Fill your house with books of Torah, and your house becomes Torah. Affix charity boxes to its walls, and your house becomes a wellspring of charity. Bring those who need a warm home to your table, and your house become a lamp in the darkness.
Faith and Intellect - If you don't believe, then why does not believing concern you?
I do not accept your assertion that you do not believe. For if you truly had no concept of a Supernal Being Who created the world with purpose, then what is all this outrage of yours against the injustice of life? The substance of the universe is not moral and neither are the plants and animals. Why should it surprise you that whoever is bigger and more powerful swallows his fellow alive.
It is only due to an inner conviction in our hearts, shared by every human being, that there is a Judge, that there is right and there is wrong. And so, when we see a wrong, we demand an explanation: Why is this not the way it is supposed to be?
That itself is belief in G-d.
There is sub-rational faith - faith in dogma.
Then there is super-rational faith - intuitive
knowledge, consciousness of a higher reality,
a glimmer of the infinite within the finite human being.

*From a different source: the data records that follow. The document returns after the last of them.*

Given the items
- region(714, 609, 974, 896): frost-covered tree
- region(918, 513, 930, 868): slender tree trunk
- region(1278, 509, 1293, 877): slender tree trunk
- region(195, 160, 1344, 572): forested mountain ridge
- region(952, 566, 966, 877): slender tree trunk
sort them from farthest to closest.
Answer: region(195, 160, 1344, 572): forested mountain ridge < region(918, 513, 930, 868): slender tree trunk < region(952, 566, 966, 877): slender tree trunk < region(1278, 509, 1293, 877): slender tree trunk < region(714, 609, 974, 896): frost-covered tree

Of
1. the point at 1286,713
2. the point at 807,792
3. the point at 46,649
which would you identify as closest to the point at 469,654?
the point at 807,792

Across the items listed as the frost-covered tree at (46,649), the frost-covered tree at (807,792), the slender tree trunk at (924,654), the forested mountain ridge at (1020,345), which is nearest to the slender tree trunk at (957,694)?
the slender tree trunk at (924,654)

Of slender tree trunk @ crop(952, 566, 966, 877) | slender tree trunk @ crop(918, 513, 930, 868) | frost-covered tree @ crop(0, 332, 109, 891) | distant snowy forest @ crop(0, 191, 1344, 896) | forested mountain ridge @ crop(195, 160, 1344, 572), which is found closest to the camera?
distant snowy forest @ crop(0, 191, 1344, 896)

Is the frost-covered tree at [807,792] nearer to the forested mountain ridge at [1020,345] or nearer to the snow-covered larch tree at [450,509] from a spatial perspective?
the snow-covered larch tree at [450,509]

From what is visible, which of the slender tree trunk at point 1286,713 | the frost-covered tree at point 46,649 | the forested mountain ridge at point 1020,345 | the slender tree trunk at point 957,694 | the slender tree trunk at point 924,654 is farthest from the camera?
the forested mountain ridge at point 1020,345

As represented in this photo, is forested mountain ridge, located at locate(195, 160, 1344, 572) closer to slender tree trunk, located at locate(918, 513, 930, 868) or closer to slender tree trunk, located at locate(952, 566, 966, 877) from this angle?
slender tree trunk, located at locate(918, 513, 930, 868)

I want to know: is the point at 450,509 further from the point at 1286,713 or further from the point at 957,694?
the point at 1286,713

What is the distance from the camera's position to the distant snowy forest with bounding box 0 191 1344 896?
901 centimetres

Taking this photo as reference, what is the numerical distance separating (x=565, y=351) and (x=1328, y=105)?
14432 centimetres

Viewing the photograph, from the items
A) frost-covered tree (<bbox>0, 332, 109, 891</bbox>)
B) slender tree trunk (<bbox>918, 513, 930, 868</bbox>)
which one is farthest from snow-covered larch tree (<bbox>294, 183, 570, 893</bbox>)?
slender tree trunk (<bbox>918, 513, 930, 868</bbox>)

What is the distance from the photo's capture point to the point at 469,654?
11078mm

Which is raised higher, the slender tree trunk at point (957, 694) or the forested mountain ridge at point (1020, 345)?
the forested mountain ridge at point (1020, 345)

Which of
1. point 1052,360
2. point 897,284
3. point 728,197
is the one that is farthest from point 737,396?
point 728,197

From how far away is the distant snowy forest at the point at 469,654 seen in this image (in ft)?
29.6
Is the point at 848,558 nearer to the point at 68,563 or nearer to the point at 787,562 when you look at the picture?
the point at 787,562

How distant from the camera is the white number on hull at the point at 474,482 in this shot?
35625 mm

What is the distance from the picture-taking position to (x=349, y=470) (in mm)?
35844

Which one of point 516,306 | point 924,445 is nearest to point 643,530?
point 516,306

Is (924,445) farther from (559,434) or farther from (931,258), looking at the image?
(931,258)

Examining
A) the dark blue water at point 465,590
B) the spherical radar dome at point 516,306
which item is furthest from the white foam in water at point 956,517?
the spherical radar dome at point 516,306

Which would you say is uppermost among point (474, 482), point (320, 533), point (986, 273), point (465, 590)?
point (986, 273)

If your belief system is based upon what makes sense to you, what you find most gratifying and what best accommodates your own self concept - then you will undoubtedly fear intellectual inquiry. At best, your approach will be subjective and bribed.
However, when your faith is based not upon your subjective self, but because this is the reality of your inner soul, a truth to which it is intrinsically bound - then you are not afraid to inquire. There is no apprehension of being proven wrong, only certitude that you shall understand more.

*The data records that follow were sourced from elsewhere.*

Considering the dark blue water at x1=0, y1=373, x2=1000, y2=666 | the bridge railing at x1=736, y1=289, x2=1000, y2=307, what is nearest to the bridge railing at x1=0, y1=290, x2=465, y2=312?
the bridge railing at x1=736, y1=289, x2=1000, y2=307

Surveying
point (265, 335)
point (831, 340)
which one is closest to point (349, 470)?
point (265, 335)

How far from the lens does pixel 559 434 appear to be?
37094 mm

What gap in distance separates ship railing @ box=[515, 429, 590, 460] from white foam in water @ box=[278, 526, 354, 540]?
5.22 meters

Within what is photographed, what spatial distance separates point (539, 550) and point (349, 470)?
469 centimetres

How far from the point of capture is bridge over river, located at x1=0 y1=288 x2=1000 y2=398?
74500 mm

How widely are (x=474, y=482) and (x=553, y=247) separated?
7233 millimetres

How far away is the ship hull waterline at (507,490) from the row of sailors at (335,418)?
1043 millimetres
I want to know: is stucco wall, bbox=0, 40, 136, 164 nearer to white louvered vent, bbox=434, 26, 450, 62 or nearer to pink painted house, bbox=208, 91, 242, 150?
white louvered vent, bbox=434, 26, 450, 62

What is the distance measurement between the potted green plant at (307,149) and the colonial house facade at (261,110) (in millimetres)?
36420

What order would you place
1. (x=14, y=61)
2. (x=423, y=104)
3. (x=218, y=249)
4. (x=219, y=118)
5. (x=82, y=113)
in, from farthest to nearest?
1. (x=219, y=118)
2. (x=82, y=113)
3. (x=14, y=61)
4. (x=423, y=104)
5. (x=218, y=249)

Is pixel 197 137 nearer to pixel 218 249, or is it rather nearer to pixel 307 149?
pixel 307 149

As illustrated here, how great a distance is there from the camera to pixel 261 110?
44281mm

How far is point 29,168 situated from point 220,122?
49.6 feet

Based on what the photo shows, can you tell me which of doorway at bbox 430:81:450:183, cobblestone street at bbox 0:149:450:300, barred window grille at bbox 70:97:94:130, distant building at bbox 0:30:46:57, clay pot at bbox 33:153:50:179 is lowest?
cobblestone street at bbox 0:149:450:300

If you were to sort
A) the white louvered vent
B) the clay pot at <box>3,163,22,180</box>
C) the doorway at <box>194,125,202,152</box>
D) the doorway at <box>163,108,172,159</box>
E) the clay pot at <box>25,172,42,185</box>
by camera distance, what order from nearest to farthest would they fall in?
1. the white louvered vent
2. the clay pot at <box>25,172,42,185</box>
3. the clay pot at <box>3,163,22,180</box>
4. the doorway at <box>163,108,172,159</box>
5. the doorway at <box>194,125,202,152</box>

Therefore, only true faith can be truly objective.
Don't imagine that you can escape faith.
Every system of logic, has its axioms. Reason cannot move
one step forward without some assumptions upon which to
base itself.
Let's say you saw a magnificent machine, with hundreds of thousands of parts, all working in spectacular unison and harmony, far beyond anything the human mind could contrive. And you examined the details of this machine and found that some aspects of its workings puzzled you. Would you complain to the inventor? Or would you pray in awe for understanding"
In general, the universe's wondrous design is obvious. We just have of admit insufficient understanding of certain aspects.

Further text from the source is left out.